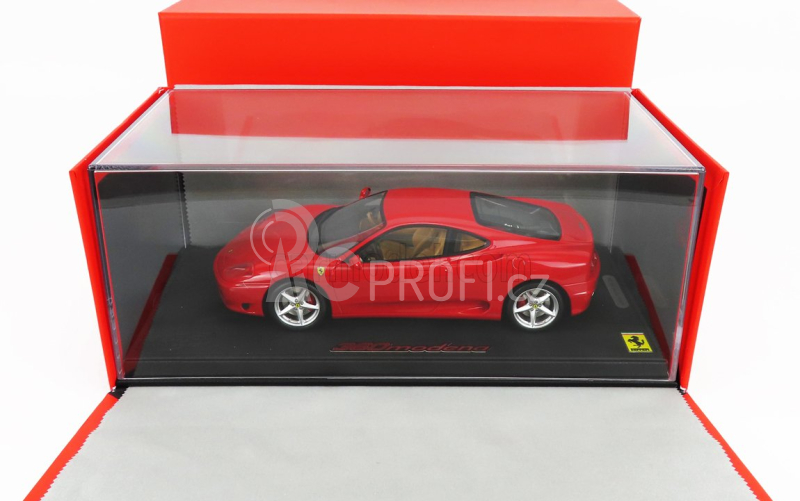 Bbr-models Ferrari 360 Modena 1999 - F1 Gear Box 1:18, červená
...
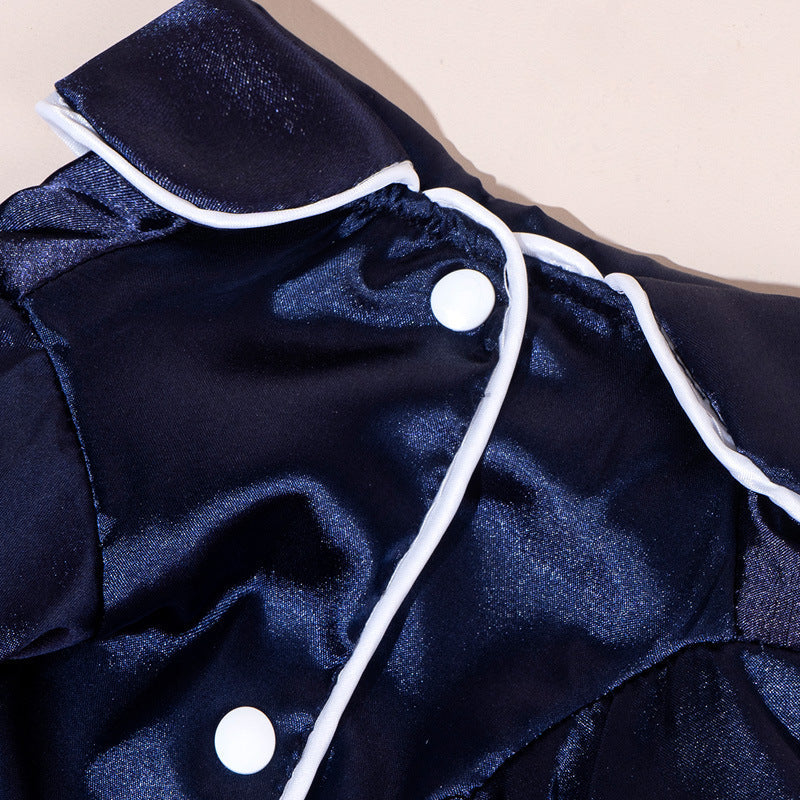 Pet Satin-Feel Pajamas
* * *
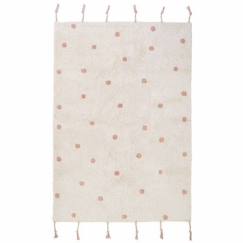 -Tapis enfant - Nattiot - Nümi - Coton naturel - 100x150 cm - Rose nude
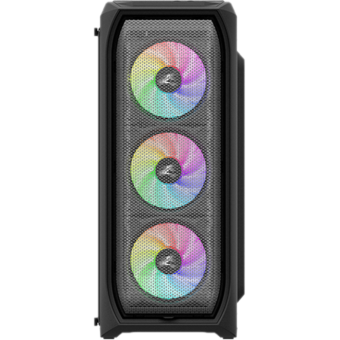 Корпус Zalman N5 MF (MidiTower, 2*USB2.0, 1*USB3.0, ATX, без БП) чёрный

> _Problem_: In the listing above, find the line containing "-Tapis enfant - Nattiot" and the line containing "Корпус Zalman N5", then print exactly those two lines and every line between them, minus the pictures.

> _Solution for this task_:
 -Tapis enfant - Nattiot - Nümi - Coton naturel - 100x150 cm - Rose nude
 Корпус Zalman N5 MF (MidiTower, 2*USB2.0, 1*USB3.0, ATX, без БП) чёрный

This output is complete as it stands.